Sous l'angle de la vraisemblance, il n'apparaît donc pas exclu qu'IBM ait
exercé à Genève des activités illicites au sens de l'art. 129 al. 2 LDIP,
de sorte que l'on ne peut reprocher à la cour cantonale d'avoir reconnu
la compétence des autorités judiciaires genevoises sur la base de cette
disposition.

    6.5  Certes, comme le relève la défenderesse, la motivation présentée
par la cour cantonale peut prêter à discussion, dans la mesure où, pour
rejeter l'exception d'incompétence, les juges semblent s'être inspirés
de la notion pénale d'actes préparatoires, non pertinente s'agissant de
l'art. 129 al. 2 LDIP (cf. supra consid. 6.3). Il n'y a toutefois pas lieu
d'approfondir ce point dès lors que, dans son résultat, l'arrêt attaqué
est conforme au droit fédéral et que le Tribunal fédéral, saisi d'un
recours en réforme, n'est pas lié par l'argumentation juridique présentée
(ATF 130 III 362 consid. 5; 129 III 129 consid. 8).

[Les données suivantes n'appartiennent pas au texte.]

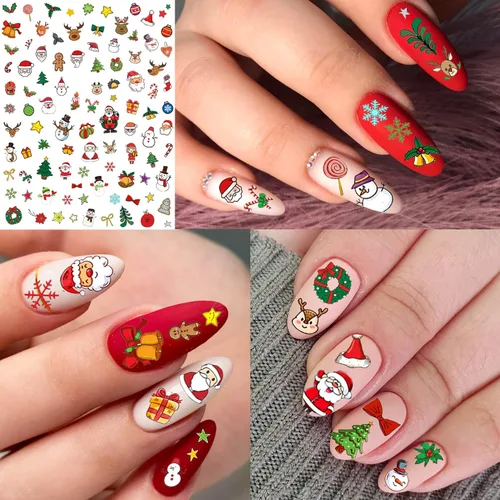 Vista 3 de COKTAK 6 hojas de calcomanías de uñas de Navidad para manicura, calcomanías autoadhesivas divertidas de Papá Noel, alce y ciervo, calcomanías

    Enfin, on peut ajouter que, pour tenter de démontrer que les activités
de son établissement genevois entre 1935 et 1945 ne constituaient que
de simples actes préparatoires, la défenderesse fait grief à la cour
cantonale de s'être fondée sur des faits sans pertinence, présentant sa
propre version des événements. Une telle argumentation, qui revient à
critiquer l'établissement des faits et l'appréciation des preuves, n'est
pas admissible dans un recours en réforme (ATF 130 III 145 consid. 3.2
p. 160; 129 III 618 consid. 3 in fine). Il ne saurait donc être tenu
compte des critiques présentées dans ce contexte.

    Le recours doit par conséquent être rejeté.